**THE PROBLEM**
Skip the pictures. Retype exactly, and only, the lines between the line holding "Men Pocket Design" and the last line below, inclusive.

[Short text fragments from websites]

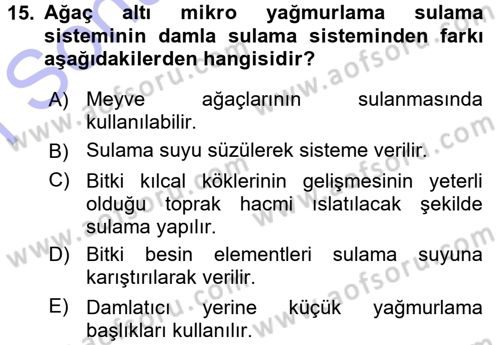 Bitki Su İlişkileri Dersi 2015 - 2016 Yılı (Final) Dönem Sonu Sınav Soruları 15. Soru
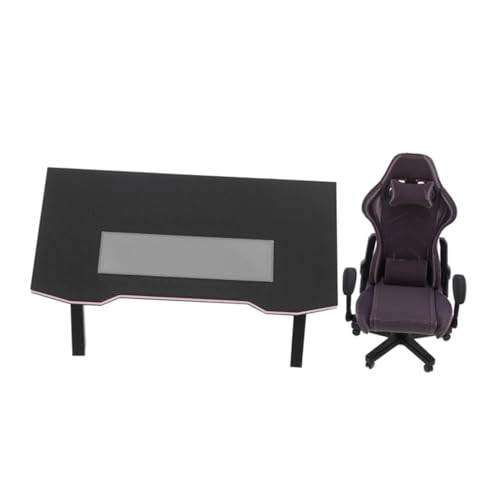 GRADENEVE Dollhouse Möbel Gaming Stuhl und Tisch Modell Realistische Miniatur Büro Dekoration Geeignet für Puppenhaus DIY Bastelprojekte Sammler GRADENEVE Dollhouse Möbel Gaming Stuhl und Tisch Modell Realistische Miniatur Büro Dekoration Geeignet für Puppenhaus DIY Bastelprojekte Sammler von GRADENEVE
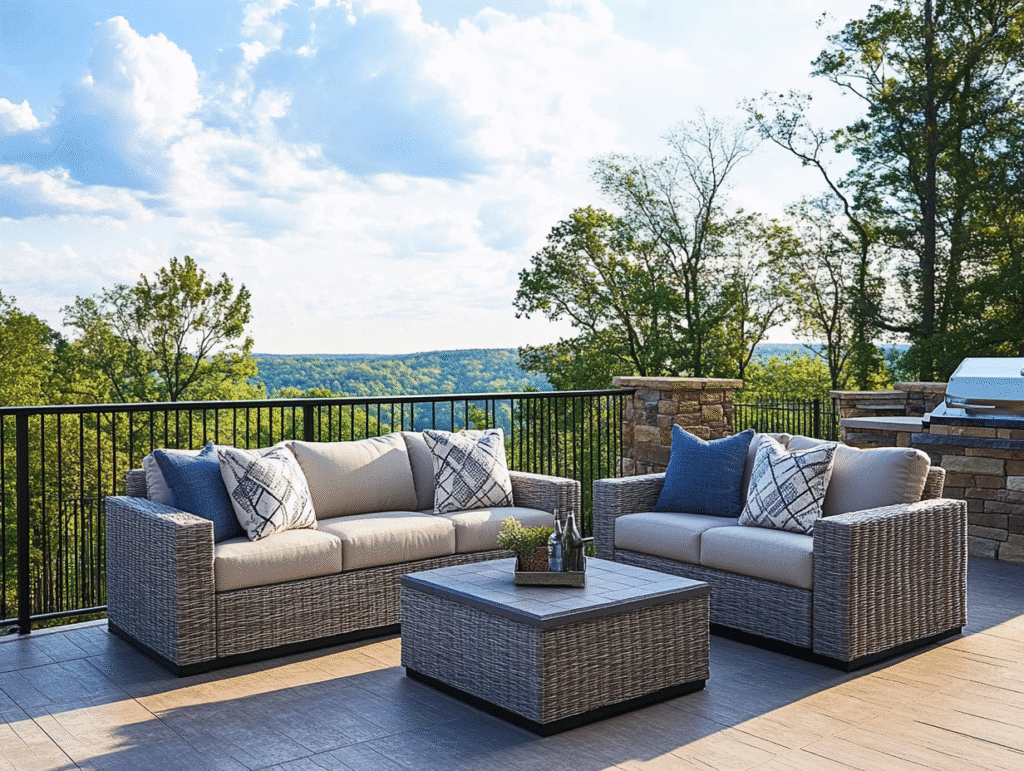 Outdoor patio with wicker furniture, lush greenery view, and clear sky. Perfect for relaxation and leisure.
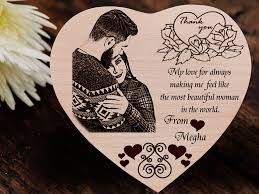 Funny anniversary gift for her, funny candle, custom candle, personalized gift, thank you gift, best friend gift, gift for husband. Thank You Gift For Husband Heart Shaped Wooden Engraved Photo 5 X 6 Inches Brown Incredible Gifts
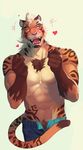  abs anthro biceps chest_tuft digital_media_(artwork) eyes_closed feline fur hair male mammal muscular muscular_male pecs solo tkfkd5362 topless tuft 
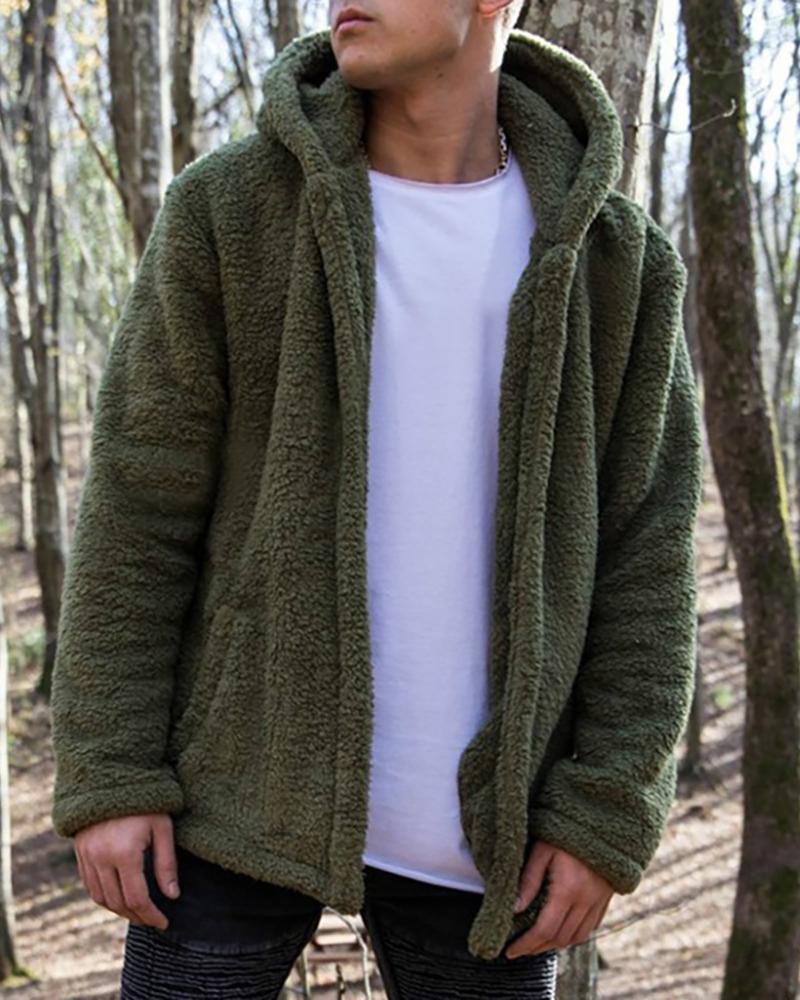 

Men Pocket Design Hooded Teddy Coat, Army green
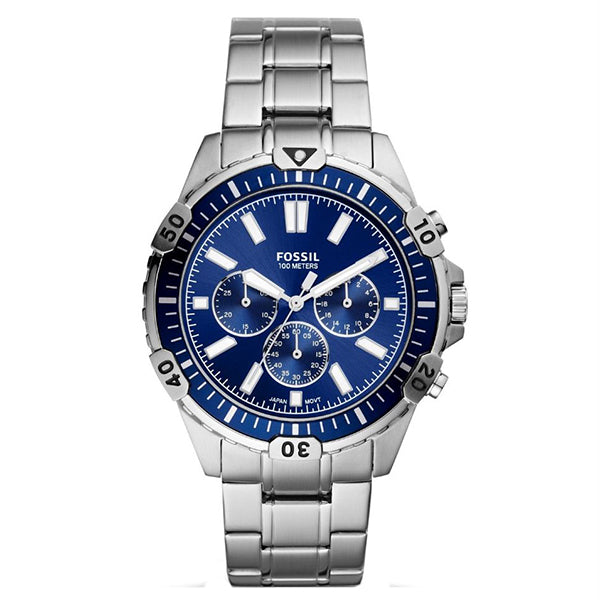 Fossil Garrett Silver Stainless Steel Blue Dial Chronograph Quartz Watch for Gents - FS5623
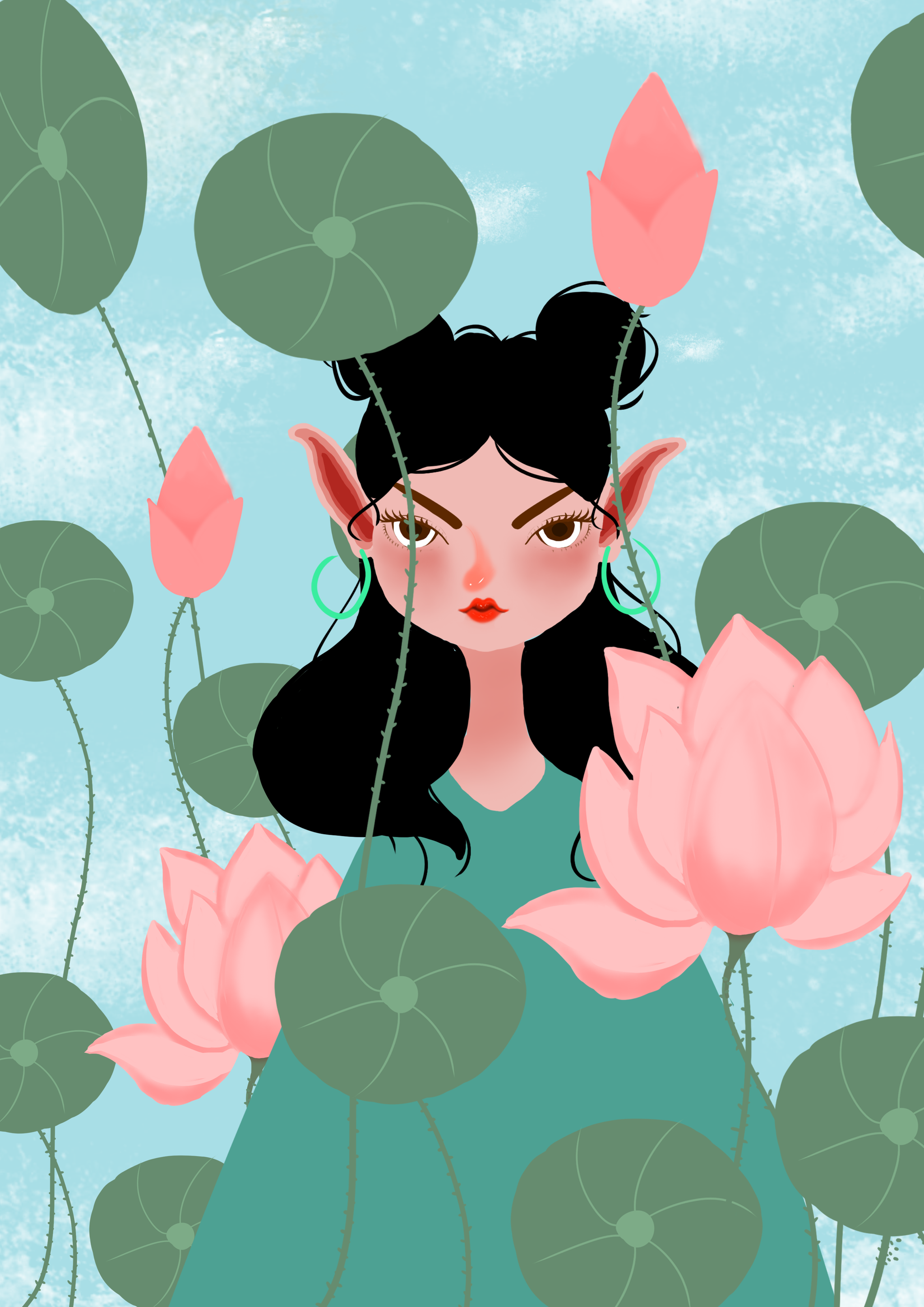 荷花女孩人物插画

**ANSWER TO THE EXERCISE**
Men Pocket Design Hooded Teddy Coat, Army green
 Fossil Garrett Silver Stainless Steel Blue Dial Chronograph Quartz Watch for Gents - FS5623
 荷花女孩人物插画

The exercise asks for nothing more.